Recorded data =>
▼

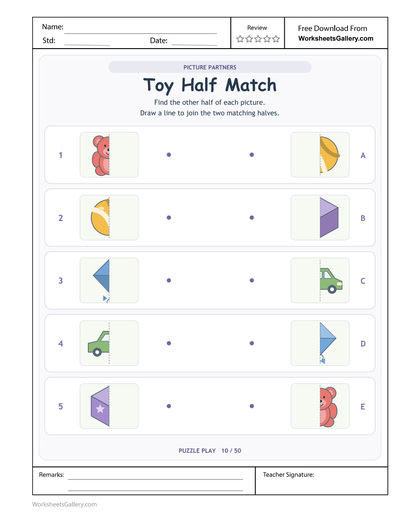 Toy Half Partners: 5 Joyful Whole-Picture Connections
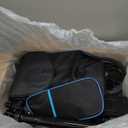 Knee ScooterKnee Scooter for Adults for Foot SurgeryKnee Walker for Foot Injuries Compact Crutch Alternative with Dual Braking System (Blue)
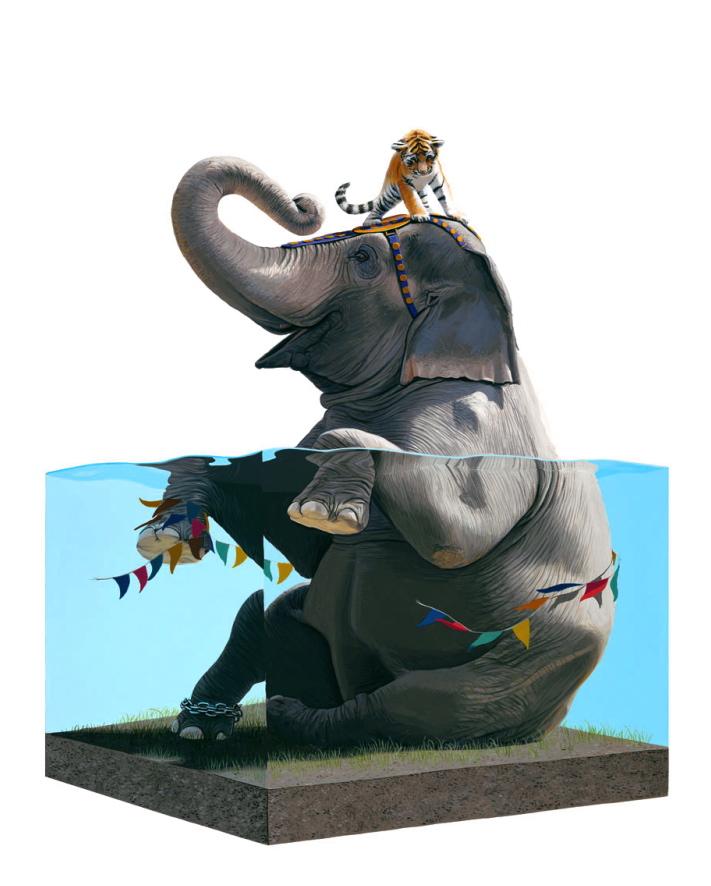 Josh Keyes – Pinturas (III) Josh Keyes – Pinturas (III)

▲

What is being asked =>
Could you print the listing above exactly, without the pictures?

Result =>
 Toy Half Partners: 5 Joyful Whole-Picture Connections
 Knee ScooterKnee Scooter for Adults for Foot SurgeryKnee Walker for Foot Injuries Compact Crutch Alternative with Dual Braking System (Blue)
 Josh Keyes – Pinturas (III) Josh Keyes – Pinturas (III)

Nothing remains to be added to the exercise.